Federation is good for privacy because it ensures that data is locally owned and operated. Without a central pot of data that can attract both insider and outsider threats, we can instead create distributed pockets of value that each have their own oversight, use, access and control. We can do away with Shadow IT and credential sharing, because there is no longer one central place to which people need access. We can also start thinking of new paradigms that collect fewer data and keep data on user devices or other endpoints, as is the case with federated learning and several secure computation protocols. This begins to shift data ownership out of our organization while still allowing us to deliver insights and business value from data artifacts and derivatives. Moving to an architecture where a user can actually own their data and interact with our services in a product-oriented way becomes a very real possibility instead of a faint glimmer of hope in a distant future.
When we set up domains as part of our data mesh, we establish trust boundaries. Trust boundaries that we outline as part of our security architecture operate like semaphore within the mesh. This requires special access, special protocols and technologies or special protections in order to traverse the semaphore. Since we have domain data owners at each node in our mesh, we can empower them to make this possible and decide when a firmer barrier should be set. We also enable architects and security analysts to ensure the trust boundaries match our understanding of risk. Compared with a centralized model, this allows us to clearly “see” our boundaries and architect them appropriately. Because these boundaries now exist not only as a diagram in a presentation, but in the actual design of the system, they become explicit; they allow us to more easily protect the secure nodes in the mesh. Data Loss Prevention technology or other network protocols can be used to greater effect, since there are clear boundaries that need to be crossed; this means anomalies can be more easily identified.
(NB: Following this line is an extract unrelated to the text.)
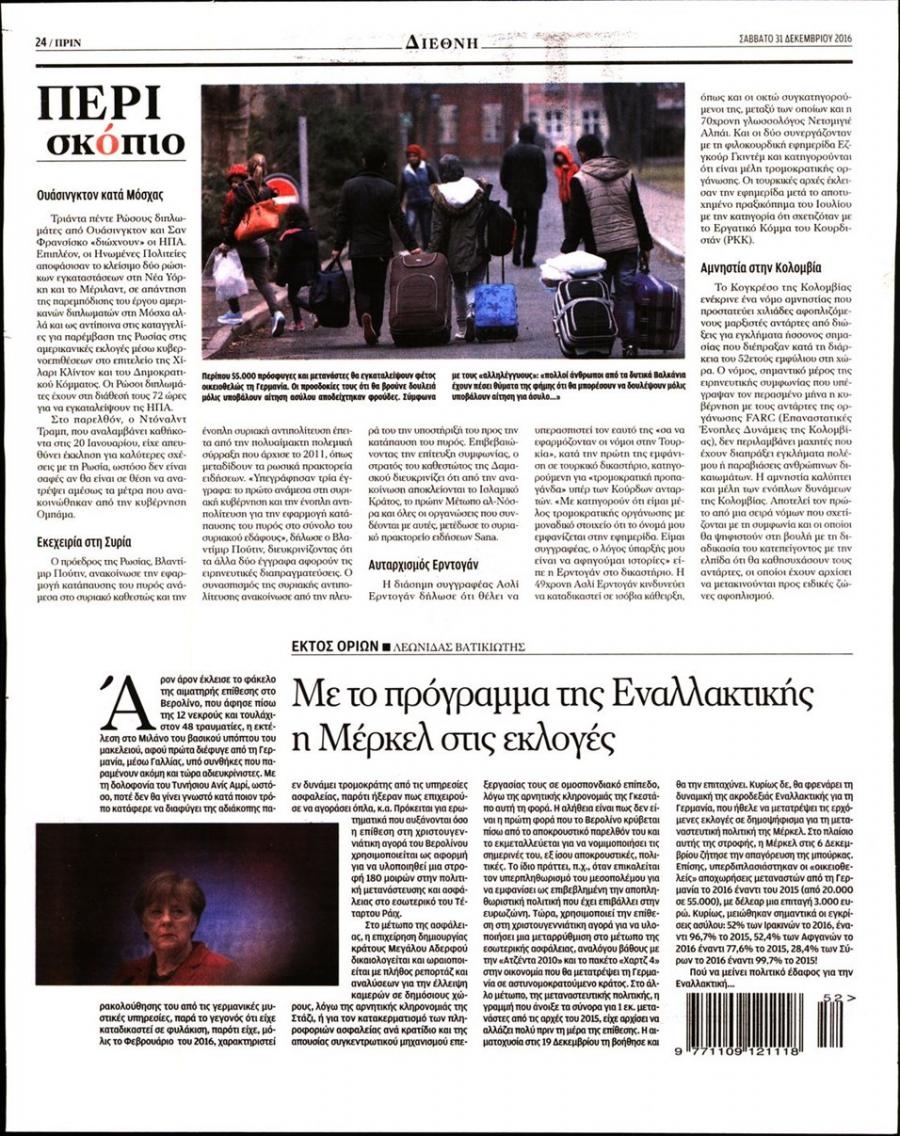 Οπισθόφυλλο εφημερίδας Πριν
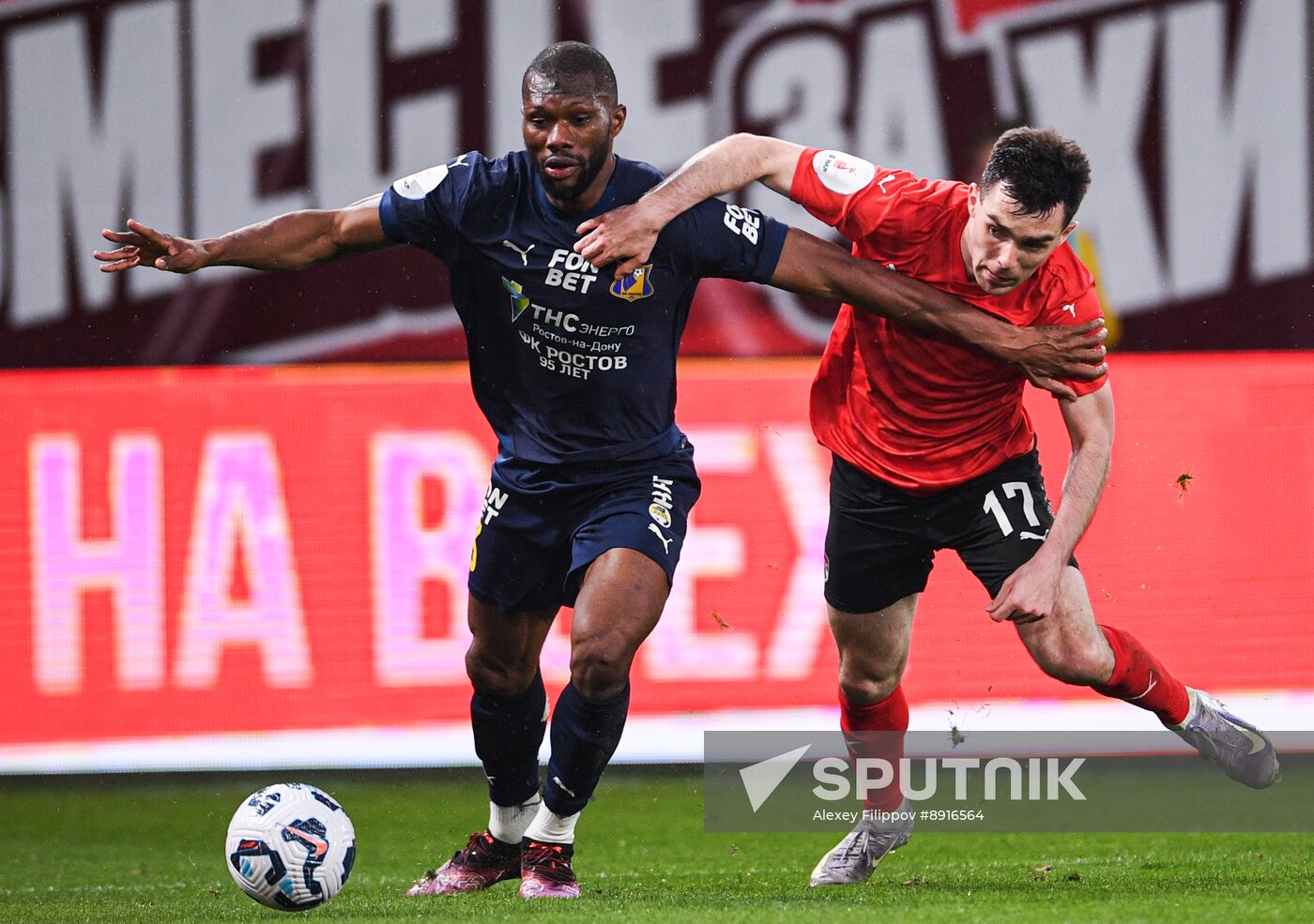 Russia Soccer Premier-League Khimki - Rostov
This allows us to begin testing our architecture and designs to ensure they are built in the way we expect. This supports what is called federated computational governance, something outlined in the original principles of data mesh. (These will be the primary focus of the third piece in this series.) Federated computational governance asks us to find automated ways to answer the biggest governance questions we have and to allow them to be implemented in a federated manner. When we map trust boundaries, we are able to design a system that provides controls at those boundaries and verify that data flows match our definitions. To support this, organizations can develop cross-organizational governance that is enabled through the testing and verification of the compute infrastructure and running services.
Distributed Access Control
The data product itself should become the main point of access. The advantage of this is that because the product is designed by domain owners, it will (or should) inevitably have privacy and security constraints. Ask yourself: who do you most want making decisions about data access? The answer should be obvious: those who actually work with the data daily and understand the data population, its nuances and risks.